I did that for years until I came across the Thunderbird extension Enigmail. This extension allows for simple encryption and signing of e-mails such that the process of encrypting and signing an e-mail is as quick as the click of a menu entry.  You can even have Enigmail set up to automatically encrypt and/or sign all outgoing e-mail.

And like any Thunderbird (or Firefox) extension, Enigmail is easy to install. Download the Enigmail install file, open up the Add-ons window, click Install, browse for the Enigmail installer, and click the Install button (after the timer counts down.) You will have to restart Thunderbird to finalize the process. Once Enigmail is installed, you will notice a new menu entry in Thunderbird: OpenPGP.

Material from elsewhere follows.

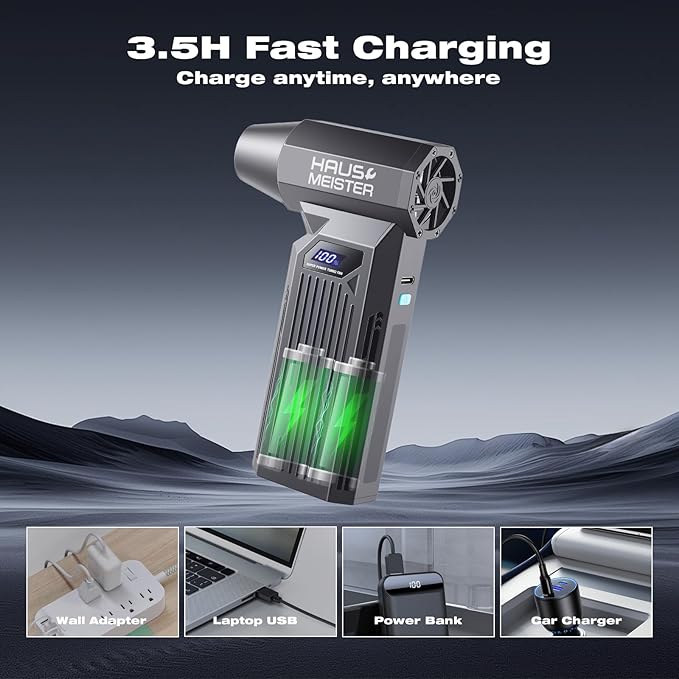 Electric Air Duster Rechargeable, HAUSMEISTER Airflex Turbo 150,000 RPM Compressed Air Blower for Heavy-Duty Car Detailing & PC, 5200mAh Cordless with Smart LED Display, 4-Gear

Enigmail also has a built in key management system that allows you to manually manage keys and automatically import keys (from attachments or from key servers).

This extension works with OpenPGP 2.0.x and 1.4.x and supports Mozilla's Multiple Identities. It's easy to install and even easier to use. And, with the help of Enigmail, you can even generate your key pair without having to touch the command line! This last feature, in and of itself, makes Enigmail a perfect encryption solution for Linux. Why? Because new users can enjoy the benefit of encrypted e-mail without having to touch the command line.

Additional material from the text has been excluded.